* **About this task**:
Exact copy, pictures excluded: set down only the lines from the one with "京也景泰藍純黃銅茶漏茶濾泡茶" through the end of the entries, keeping both end lines.

Collection entries:

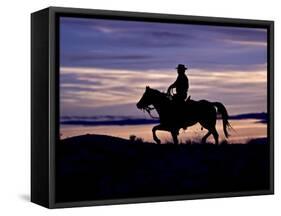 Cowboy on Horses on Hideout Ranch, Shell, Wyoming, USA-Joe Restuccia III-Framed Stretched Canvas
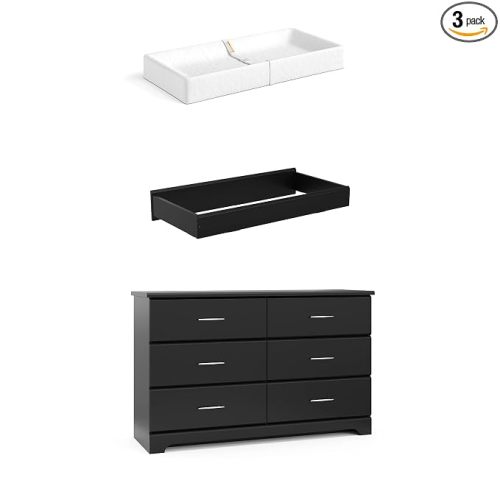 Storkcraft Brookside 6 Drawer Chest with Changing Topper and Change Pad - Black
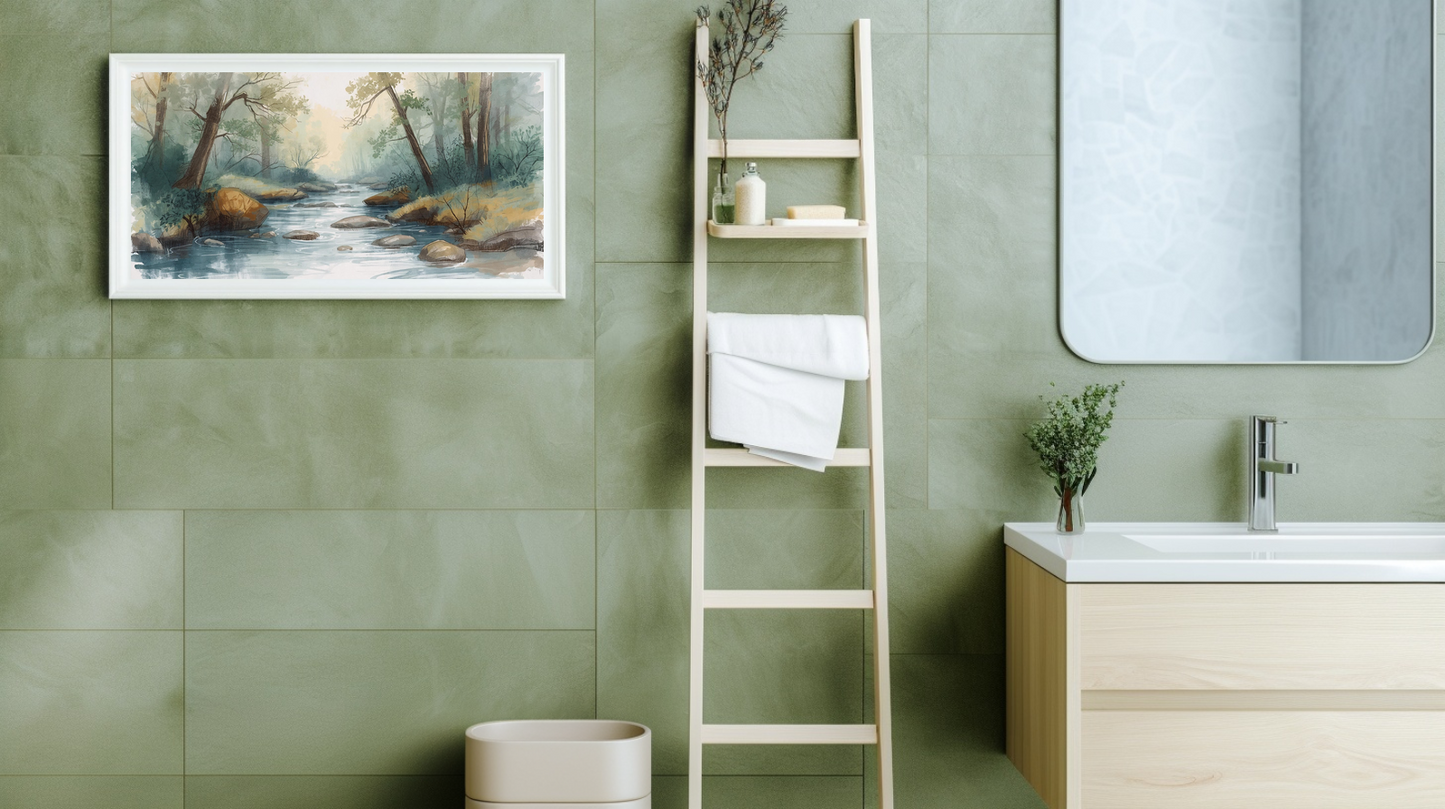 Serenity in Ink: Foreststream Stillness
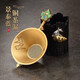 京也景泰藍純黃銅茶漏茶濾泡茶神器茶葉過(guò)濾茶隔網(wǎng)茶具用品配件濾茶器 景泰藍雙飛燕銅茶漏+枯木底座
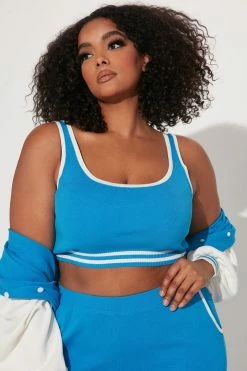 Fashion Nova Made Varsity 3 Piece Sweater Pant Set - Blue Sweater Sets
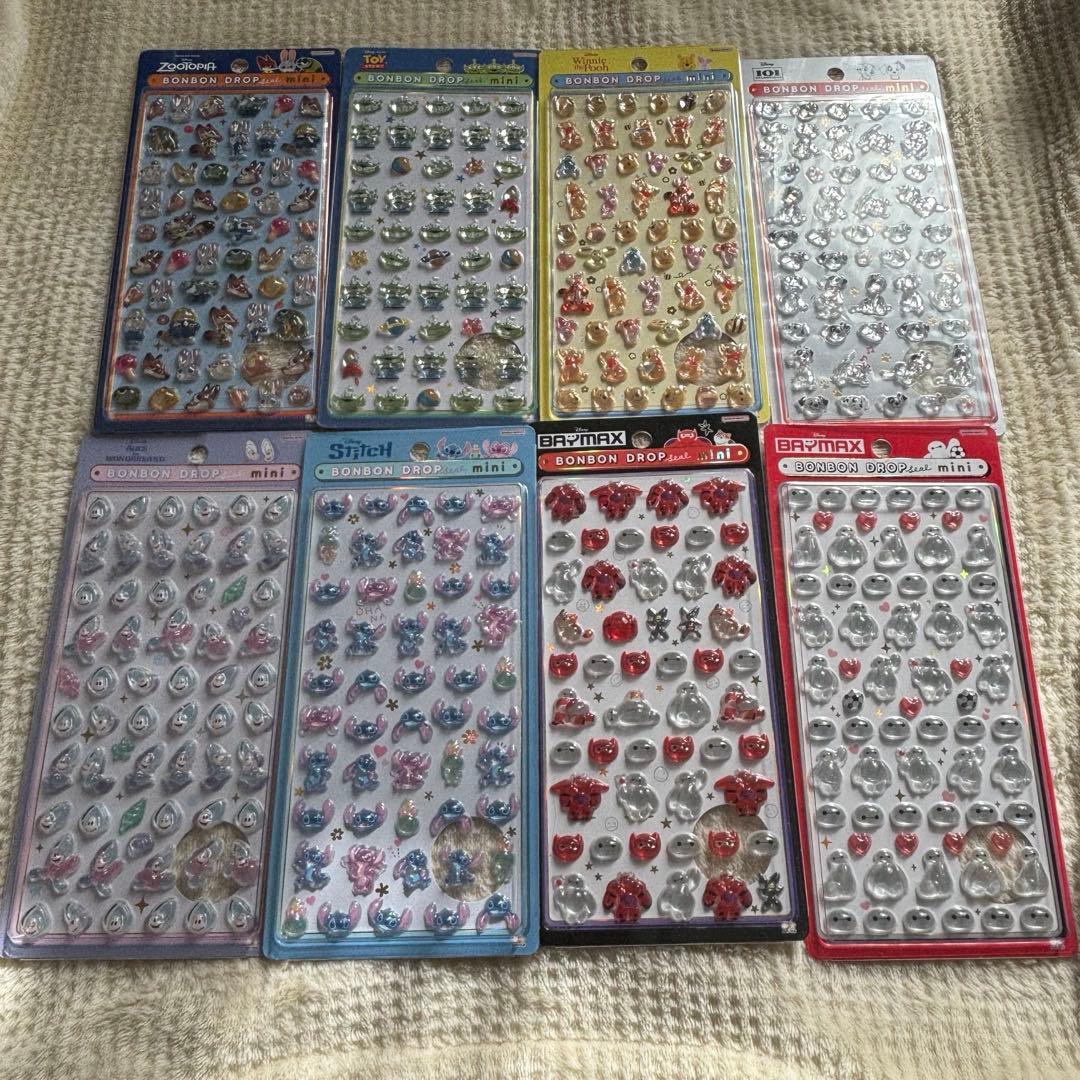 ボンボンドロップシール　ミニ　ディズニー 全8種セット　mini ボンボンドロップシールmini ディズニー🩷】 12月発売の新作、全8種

* **Written answer**:
 京也景泰藍純黃銅茶漏茶濾泡茶神器茶葉過(guò)濾茶隔網(wǎng)茶具用品配件濾茶器 景泰藍雙飛燕銅茶漏+枯木底座
 Fashion Nova Made Varsity 3 Piece Sweater Pant Set - Blue Sweater Sets
 ボンボンドロップシール　ミニ　ディズニー 全8種セット　mini ボンボンドロップシールmini ディズニー🩷】 12月発売の新作、全8種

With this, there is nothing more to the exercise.